Notification Control
gremlin.notify: "true" # false = suppress all ntfy for this stack
gremlin.notify.level: "all" # all | failures | none
Checker IDs
Use these IDs with gremlin.checks and gremlin.checks.skip:
| ID | What it checks |
|---|---|
swarm-syntax |
Forbidden fields: version, container_name, hostname, restart, depends_on, dnsrr |
identity |
PUID/PGID 1964 or user: "1964:1964" |
network |
netgrimoire overlay network |
placement |
ARM exclusions, DockerVol/hostname rules, restart_policy |
caddy |
caddy: label, reverse_proxy, import_1/import_2 |
homepage |
group, name, icon, href, description |
monitor |
monitor.name, monitor.url, optional type/interval |
legacy-labels |
Flags kuma.* labels for removal |
diun |
diun.enable: "true" |
Common Patterns
Internal sidecar (database, cache)
postgres:
image: postgres:15
environment:
POSTGRES_USER: myapp
POSTGRES_PASSWORD: secret
volumes:
- /DockerVol/myapp/postgres:/var/lib/postgresql/data
networks:
- netgrimoire
deploy:
restart_policy:
condition: any
delay: 5s
max_attempts: 3
window: 120s
placement:
constraints:
- node.platform.arch != aarch64
- node.platform.arch != arm
- node.hostname == docker4
labels:
gremlin.caddy.skip: "true"
gremlin.homepage.skip: "true"
gremlin.monitor.skip: "true"
diun.enable: "true"
Test stack (never deployed)
labels:
gremlin.deploy: "false"
# ... other labels
ARM/Pi service
labels:
gremlin.arm.allow: "true"
# ... other labels
placement:
constraints:
- node.hostname == dockerpi1
Image requiring root
labels:
gremlin.uid.exempt: "true"
gremlin.uid.reason: "Image requires root — does not support PUID/PGID"
# ... other labels
Forbidden Fields
These fields are automatically removed by Gremlin:
| Field | Reason |
|---|---|
version: (top-level) |
Obsolete in Compose v3 |
container_name: |
Conflicts with Swarm service naming |
hostname: (service-level) |
Conflicts with Swarm DNS |
restart: (service-level) |
Use deploy.restart_policy instead |
depends_on: |
Not supported in Swarm mode |
links: |
Not supported in Swarm mode |
These fields cause an unfixable block:
| Field | Reason |
|---|---|
endpoint_mode: dnsrr |
Breaks internal DNS resolution |
Missing deploy: block |
File treated as plain Compose, not Swarm |
Troubleshooting
"Missing deploy: block" — file skipped as non-Swarm
Your compose file has no deploy: section. Add a deploy: block to each service for Swarm compatibility.
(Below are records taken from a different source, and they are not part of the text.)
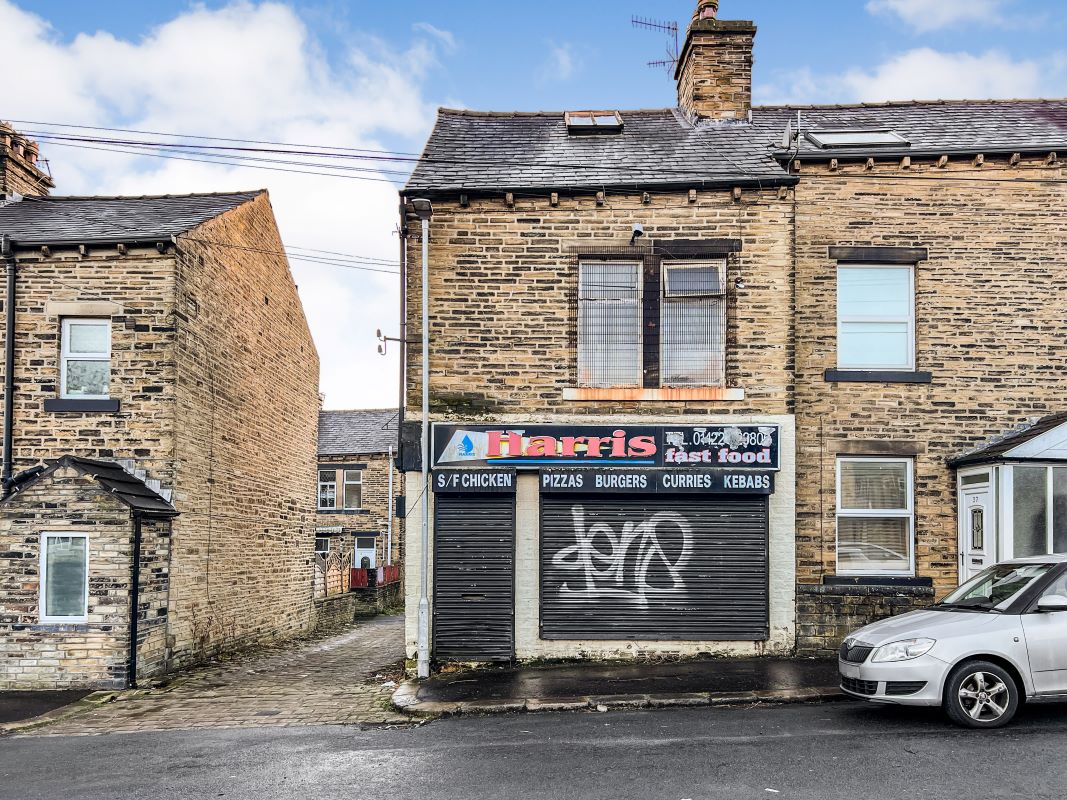 Property for Auction in Lincolnshire - 35 Bath Place, Halifax, West Yorkshire, HX3 6EG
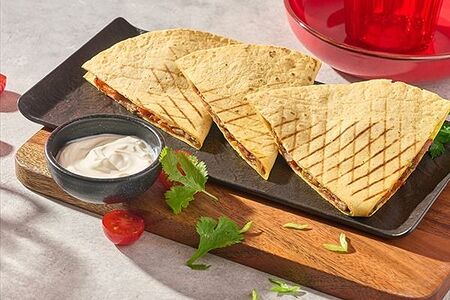 Кесадилья с беконом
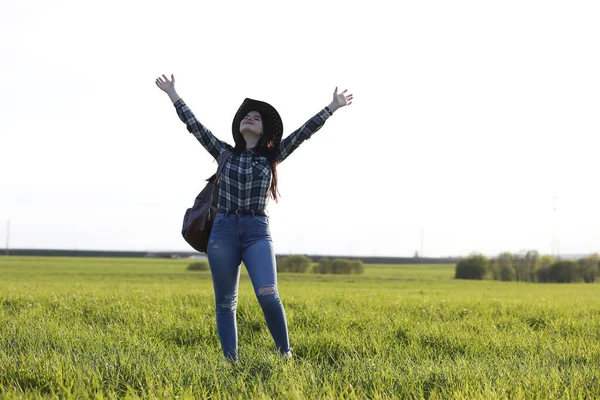 En flicka reser sommaren i landet — Stockfoto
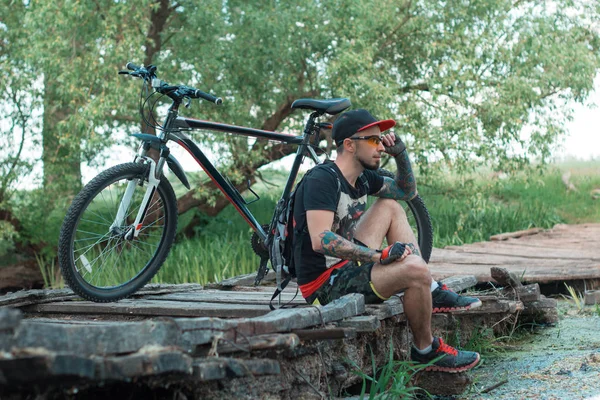 Köprü'de doğa hayran oturan model motorun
"uses /DockerVol/ but has no node.hostname constraint" — unfixable
Add a node.hostname constraint to your deploy.placement.constraints. Gremlin cannot guess which node to pin it to.
Ollama keeps blocking on legitimate config
Add gremlin.context to explain the situation. Ollama treats context as ground truth and will not flag it.
Auto-fix loop — fixes applied but same issues keep appearing
The fixer is finding the labels but the checker isn't recognizing them after insertion. Check label indentation — labels inside deploy.labels must be indented 8 spaces.
Deploy skipped every time
Check gremlin.deploy — if set to "false" the pipeline validates and fixes but never deploys.